GOAL OF THE EXERCISE >>
There is one span to output from the data below: the lines starting at the line with "Drei Totenköpfe, lustiger" and ending at the line with "Bermuda Cashmere Pink". Output it exactly, ends included, nothing more.

EXERCISE MATERIAL >>
--- START ---
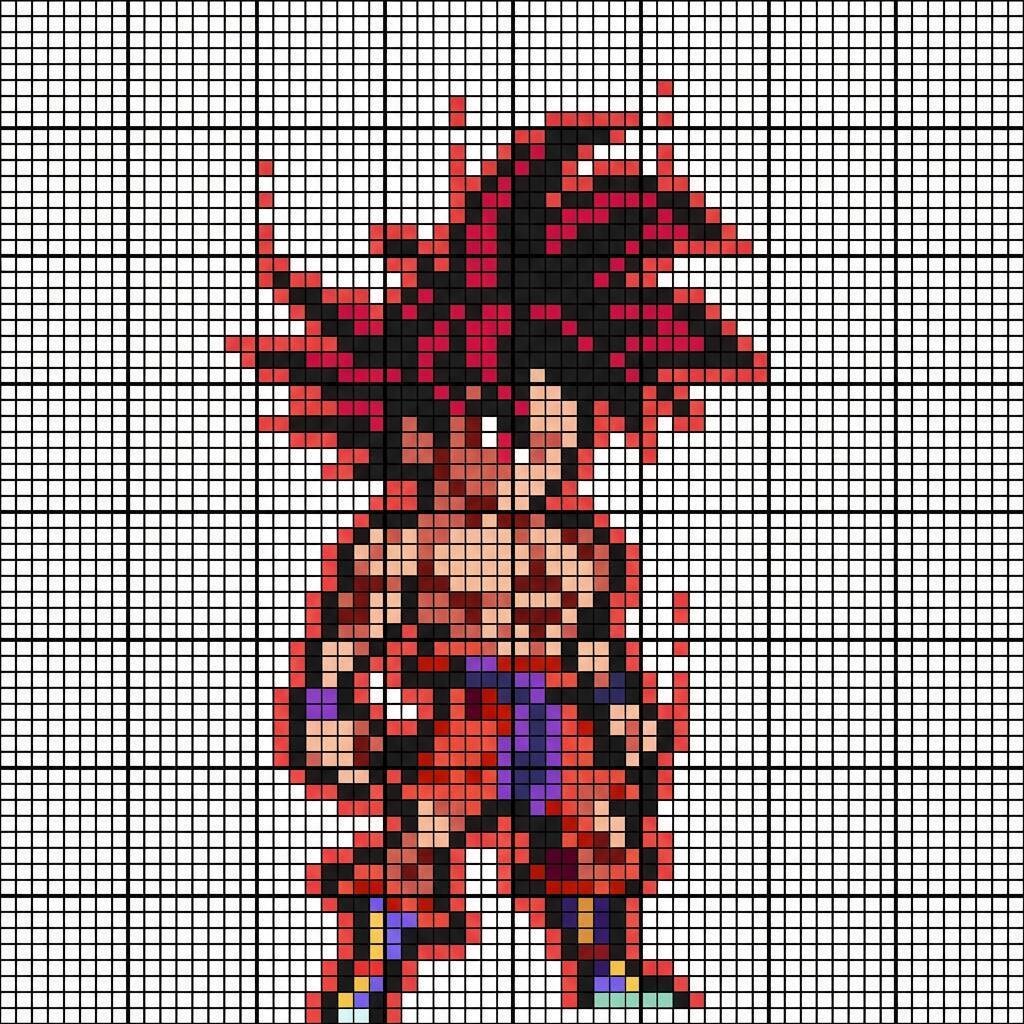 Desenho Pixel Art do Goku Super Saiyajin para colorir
--- END ---
--- START ---
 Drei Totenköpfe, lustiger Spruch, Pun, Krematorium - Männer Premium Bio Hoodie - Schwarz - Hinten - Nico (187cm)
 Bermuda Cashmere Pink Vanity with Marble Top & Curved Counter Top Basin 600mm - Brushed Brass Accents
--- END ---
REPLY TO THE EXERCISE >>
 Drei Totenköpfe, lustiger Spruch, Pun, Krematorium - Männer Premium Bio Hoodie - Schwarz - Hinten - Nico (187cm)
 Bermuda Cashmere Pink Vanity with Marble Top & Curved Counter Top Basin 600mm - Brushed Brass Accents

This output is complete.